Le Front national est aujourd'hui confronté à une enquête judiciaire sans précédent sur le financement de ses campagnes. Les juges Renaud Van Ruymbeke et Aude Buresi ont déjà mis en examen six personnes, prestataires du FN et responsables du micro-parti de Marine Le Pen, dans cette affaire. Mais la Brigade financière épluche parallèlement le patrimoine de Jean-Marie Le Pen, depuis fin 2013. Le parquet de Paris a en effet ouvert une enquête préliminaire à la suite d’un signalement de la Commission pour la transparence financière de la vie politique – remplacée aujourd’hui par la Haute Autorité. La commission avait évalué l’enrichissement personnel du fondateur du FN à 1 127 000 euros sur la période 2004-2009 couvrant sa précédente mandature au parlement européen, et elle l’avait jugé suspect au vu de ses revenus officiels.

Les informations sur la détention d'un trust non déclaré en Suisse pourraient conduire à ouvrir un nouveau front judiciaire. Des poursuites pourraient être engagées contre Jean-Marie Le Pen pour avoir transmis une « fausse déclaration » à la Haute Autorité pour la transparence de la vie publique (HATVP), et/ou pour fraude fiscale.

En 2012, Mediapart avait révélé des anomalies dans les dépenses de campagne présentées par Gérald Gérin, en tant que trésorier de Cotelec, à la Commission nationale des comptes de campagne et des financements politiques (CNCCFP). Un voyage de onze jours en Thaïlande effectué par M. Gérin en août 2006 avait ainsi été inclus dans le compte de campagne présidentiel de Jean-Marie Le Pen en 2007. Le majordome avait indiqué que ce voyage visait à préparer dans ce pays une visite du candidat.

« Je me suis rendu dans les différents complexes et résidences hôtelières de Bangkok (Bayan Tree, Sukotai, etc.) afin d’étudier les différentes propositions que pourraient nous offrir ces établissements selon nos besoins (chambres, salle de réunion, banquets, transport, salon de cocktail). Le voyage a coûté, chambre, minibar, téléphone et voyage inclus, 3 482 euros », avait alors déclaré M. Gérin à Mediapart, expliquant qu’un coup d’État survenu par la suite en Thaïlande avait remis en cause le voyage de M. Le Pen.

En tant qu'assistant parlementaire européen, Gérald Gérin devrait aussi répondre aux questions des policiers chargés de l'enquête ouverte à la suite du courrier du président du parlement européen à la ministre de la justice Christiane Taubira, concernant des emplois fictifs présumés du FN au parlement.

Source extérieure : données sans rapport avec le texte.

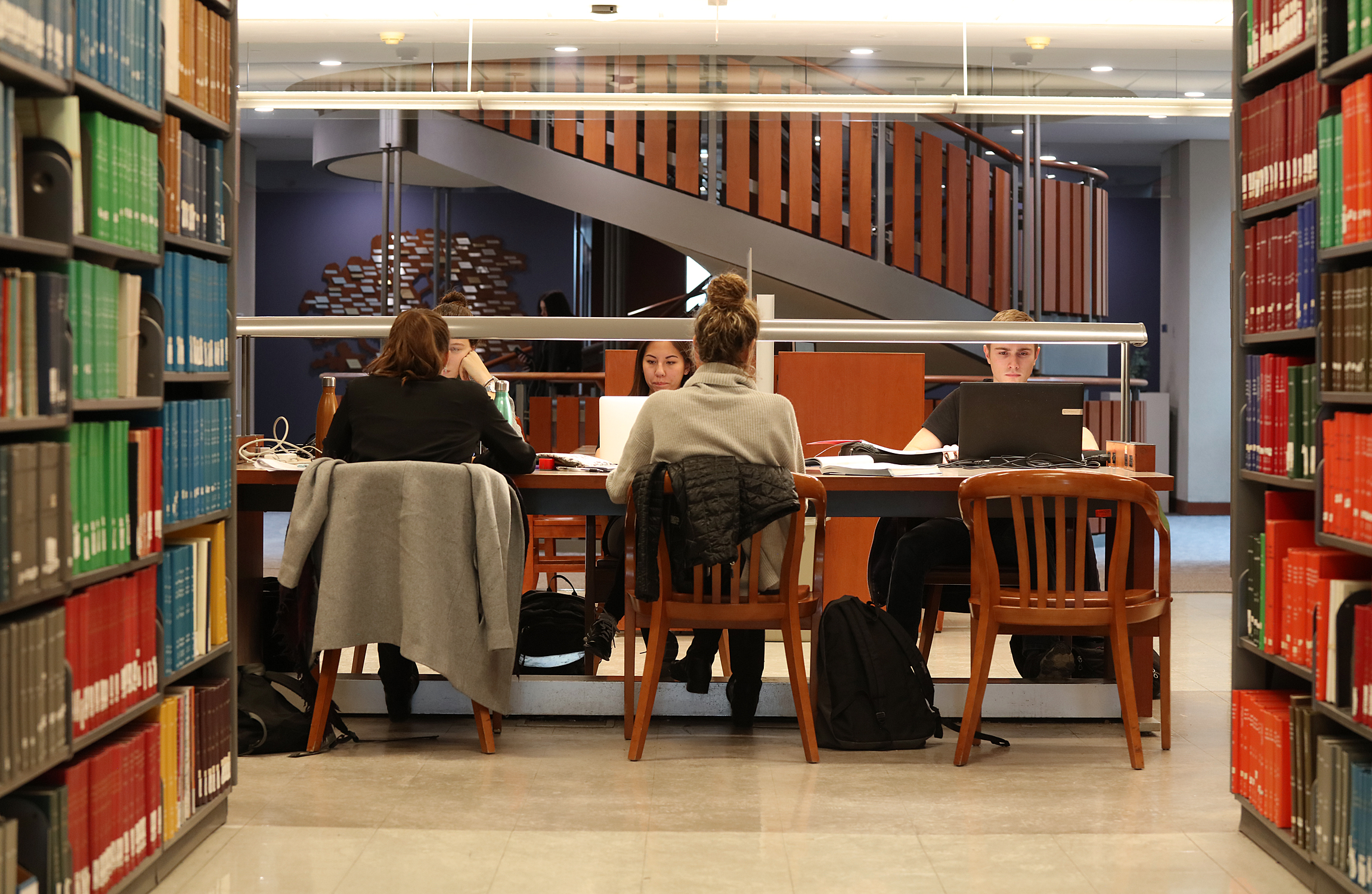 Students studying in library.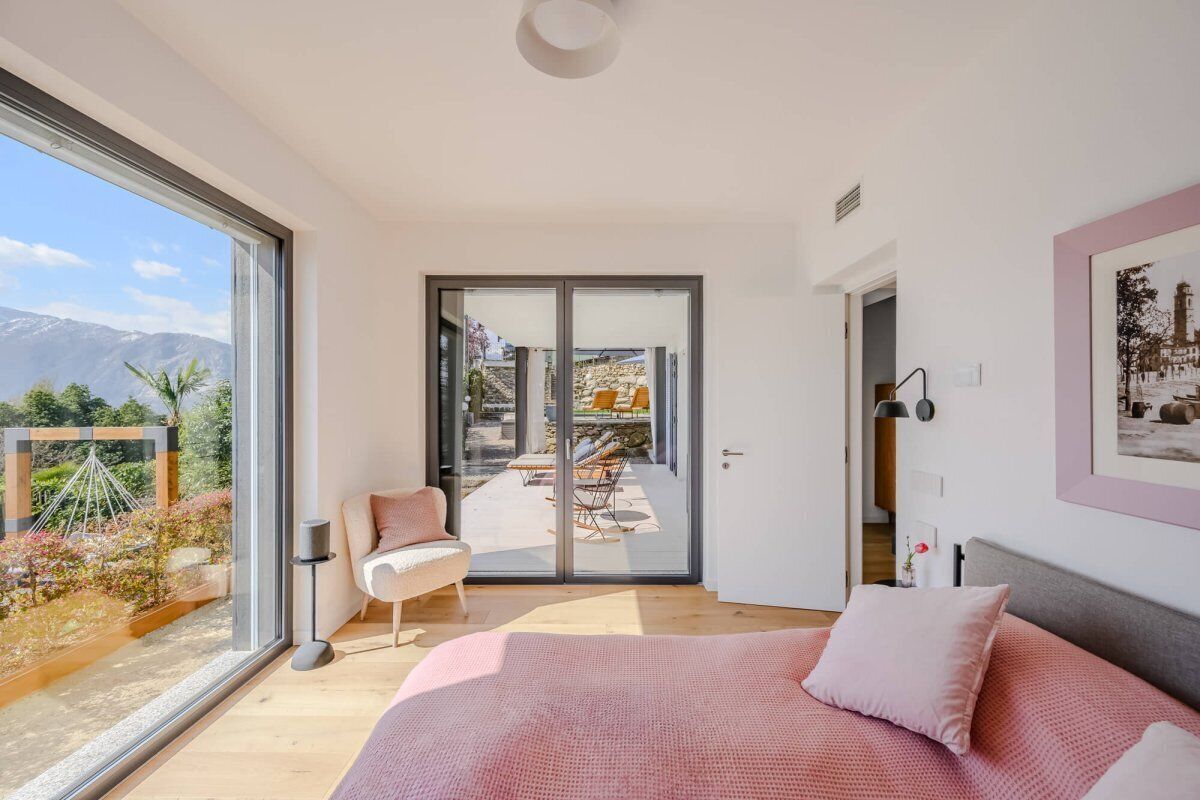 Een slaapkamer met een groot bed, een schuifdeur naar een terras buiten en uitzicht op bergen.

Le patrimoine de Jean-Marie Le Pen et son éventuelle fortune cachée ont déjà fait l’objet de nombreuses interrogations, qu’il s’agisse de l'héritage du cimentier Lambert qui l’a rendu millionnaire dans les années 1970, de son compte suisse ouvert à l’UBS dans les années 1980, ou encore de sa relation avec le banquier genevois Jean-Pierre Aubert, mis en cause pour blanchiment au début des années 1990.

Le compte de Jean-Marie Le Pen à l’UBS avait été ouvert en mars 1981 par son vieil ami Jean-Pierre Mouchard, un éditeur qui fut le trésorier de Cotelec avant Gérald Gérin, jusqu’en 1997. Comme Mediapart l’avait dévoilé, le même homme avait utilisé dans les années 1990 les services de plusieurs sociétés offshore, Overseas Property Services Limited à Gibraltar, et la panaméenne Hadret al Raiss.